[Excerpts from a dataset]
____

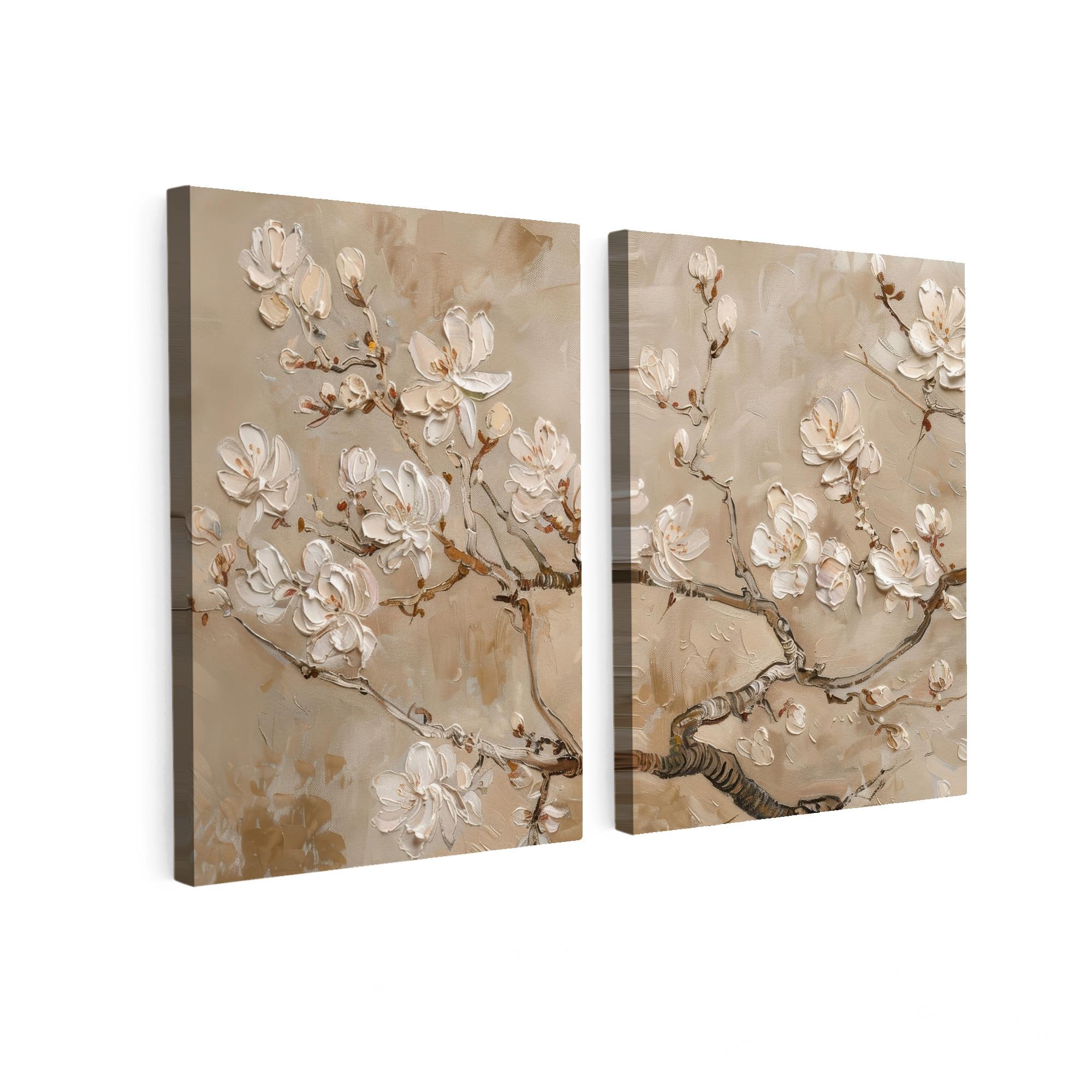 LEINWANDBILD 2er Set Beige - Blüte - Modern 100x70 cm - Beige, Textil (100/70cm) - MuchoWow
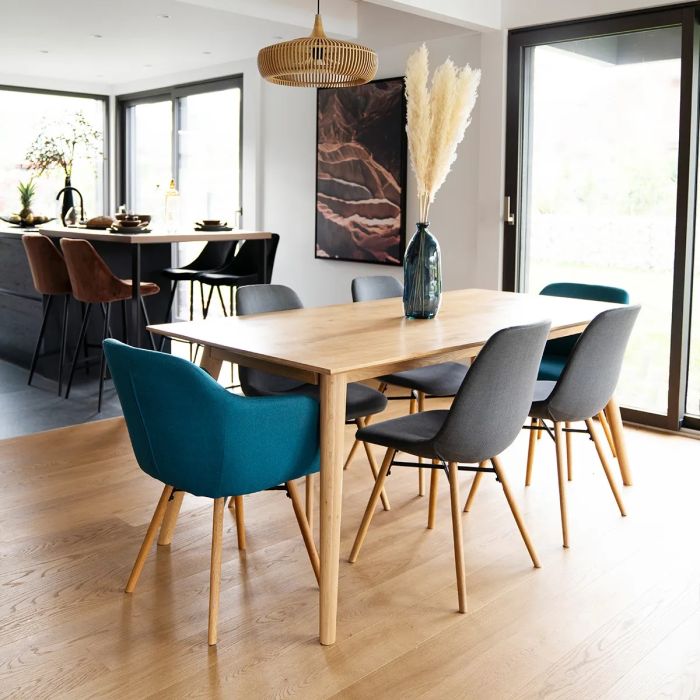 Mesa Comedor Roble Macizo, 180 Cm
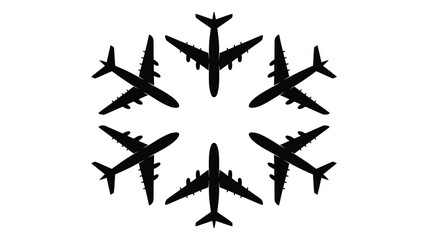 Dynamic arrangement of six black airplane silhouettes creating a modern circular pattern for travel and aviation concepts.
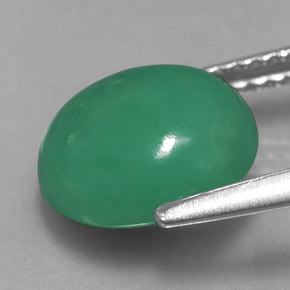 3,14 ctw natürlicher grüner Chrysopras, Oval Schliff, Lichtdurchlässig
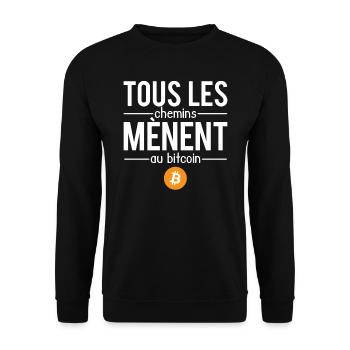 Tous les chemins mènent au bitcoin crypto humour - Sweat-shirt Unisexe - noir - Devant - Alina (178cm) & Michal (187cm)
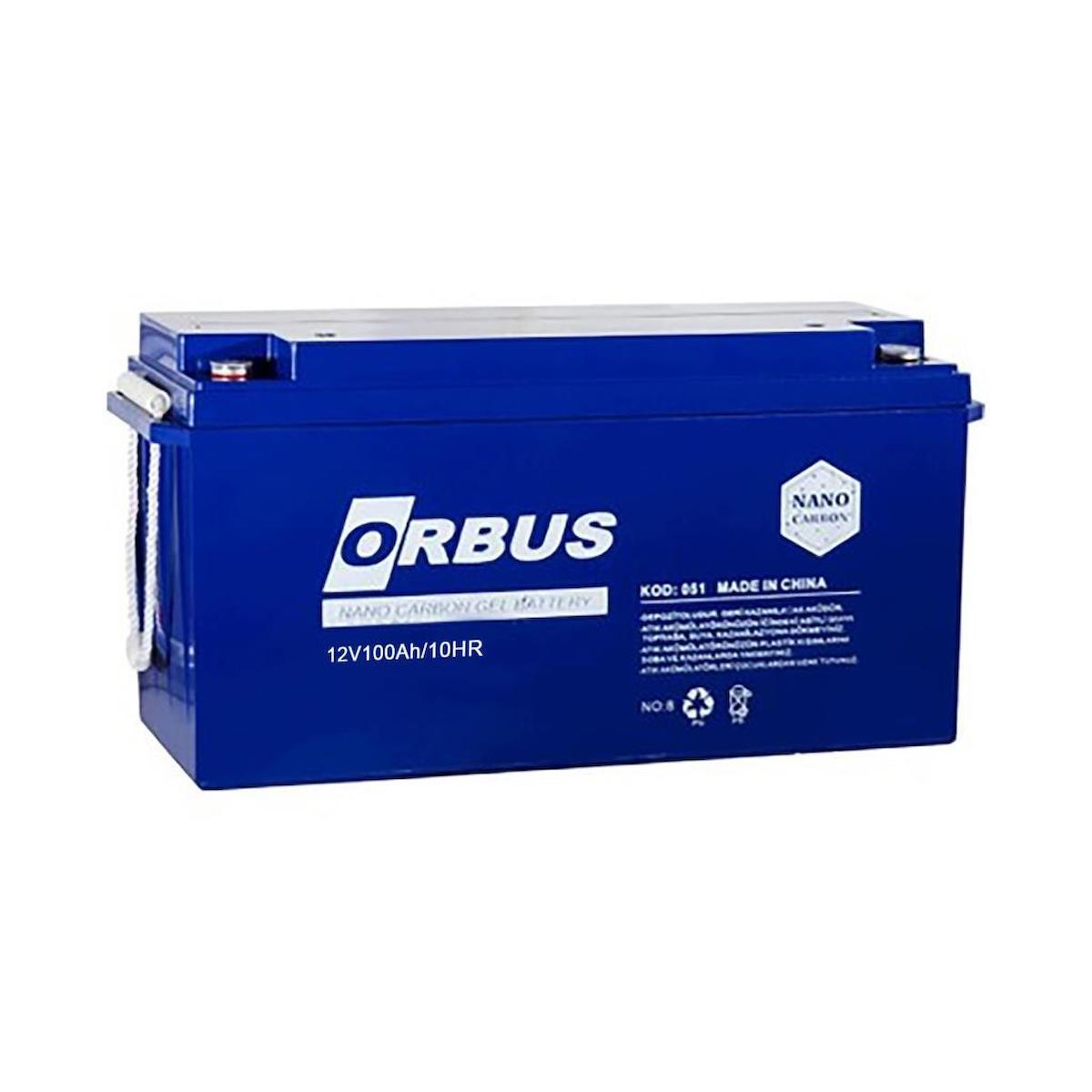 ORBUS 12 VOLT 100 AMPER JEL AKÜ KARBON JEL AKÜ DERİN DÖNGÜ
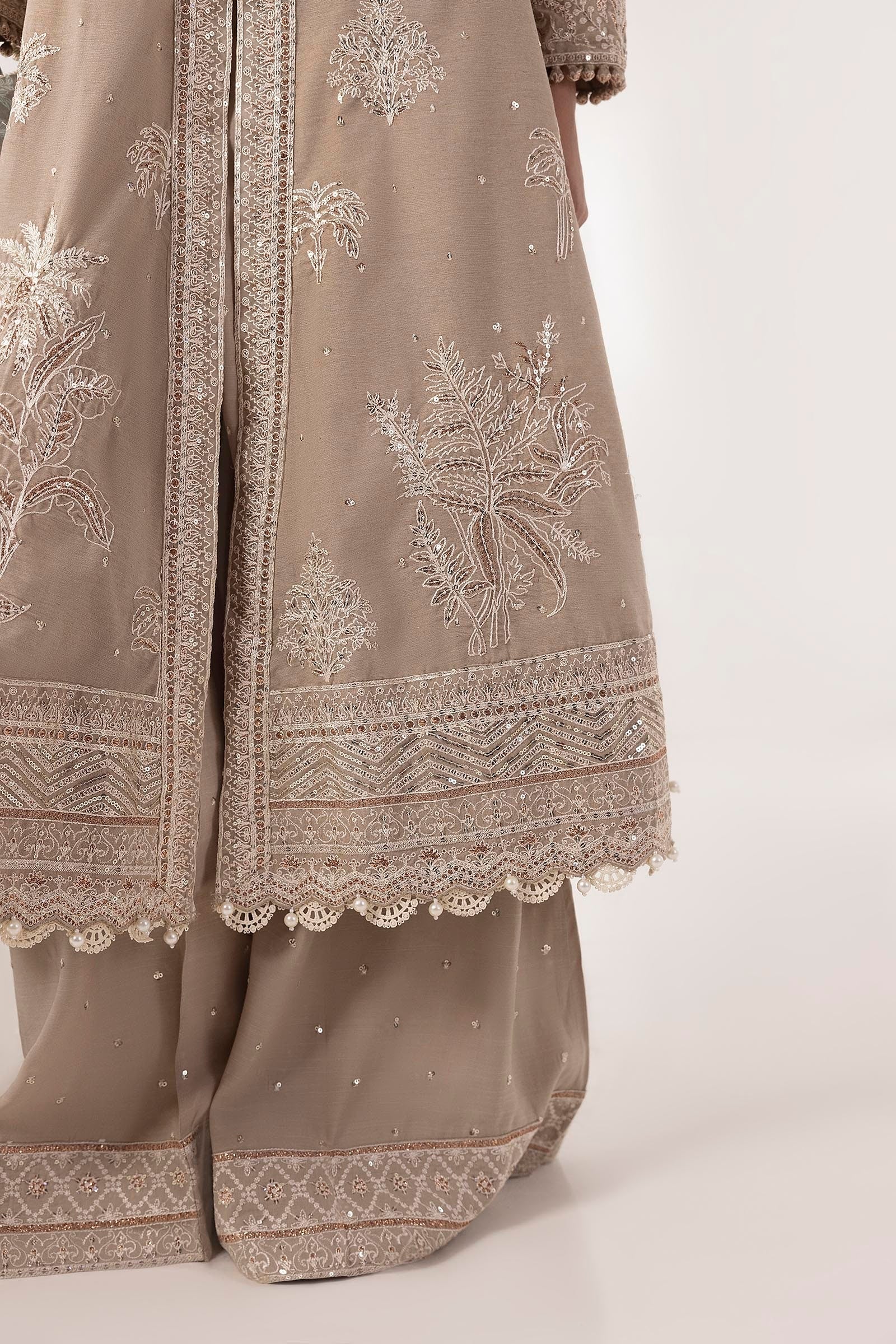 Stitched Embroidered Shirt + Culotte + Dupatta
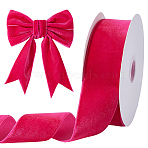 Velvet Ribbon, Clothes Accessories, Red, 1-1/2 inch(38mm), about 10.00 Yards(9.14m)/Roll(OCOR-WH0078-529A)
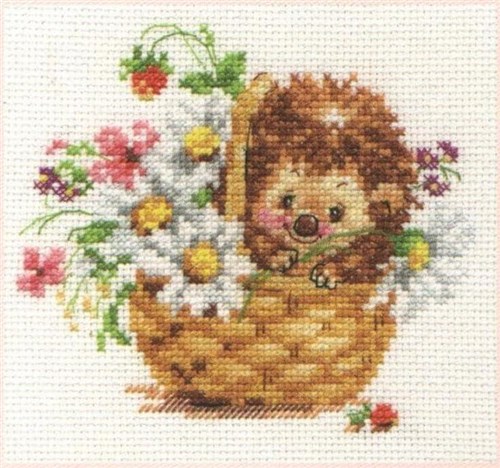 Hedgehog in daisies 0-113 Counted Cross-Stitch Kit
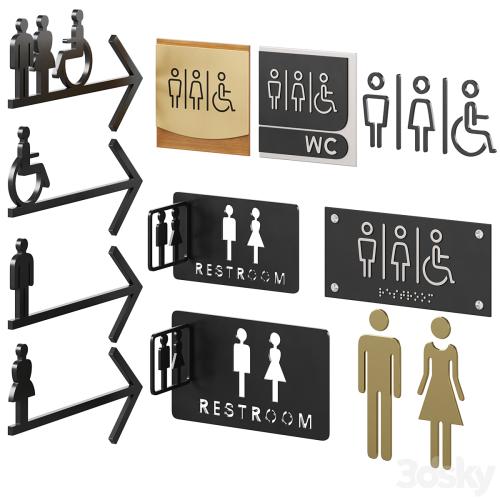 Restroom Directional Door Signs 2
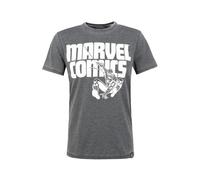 T-Shirt RECOVERED "Marvel Comics Spidey Charcoal", Herren, Gr. L, grau, 100% Baumwolle, bedruckt, normal, Rundhals, Shirts T-Shirt, im zeitlosen Design (98664435-L) grau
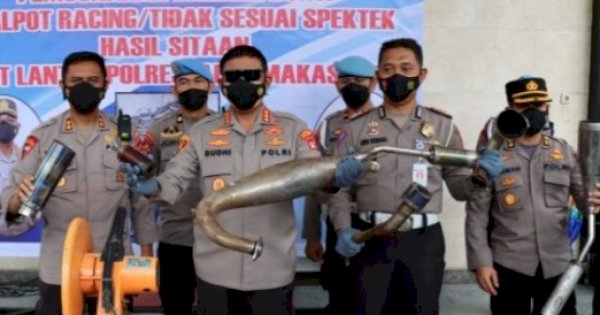 350 Knalpot Bising Dimusnahkan Polrestabes Makassar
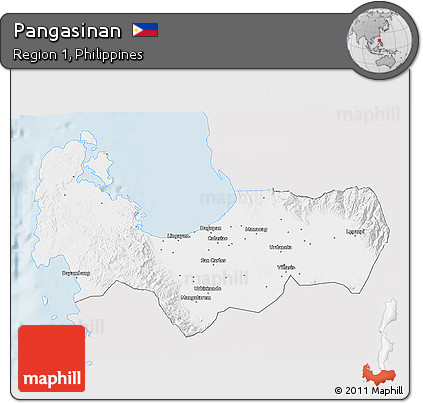 Silver Style 3D Map of Pangasinan, single color outside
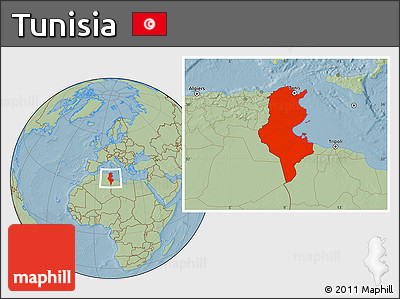 Savanna Style Location Map of Tunisia, hill shading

____

> [Problem details]: Copy only what lies between the line with "Dynamic arrangement of" and the line with "Tous les chemins", those two lines included, exactly as given above; pictures stay out.

> [Answer box]:
 Dynamic arrangement of six black airplane silhouettes creating a modern circular pattern for travel and aviation concepts.
 3,14 ctw natürlicher grüner Chrysopras, Oval Schliff, Lichtdurchlässig
 Tous les chemins mènent au bitcoin crypto humour - Sweat-shirt Unisexe - noir - Devant - Alina (178cm) & Michal (187cm)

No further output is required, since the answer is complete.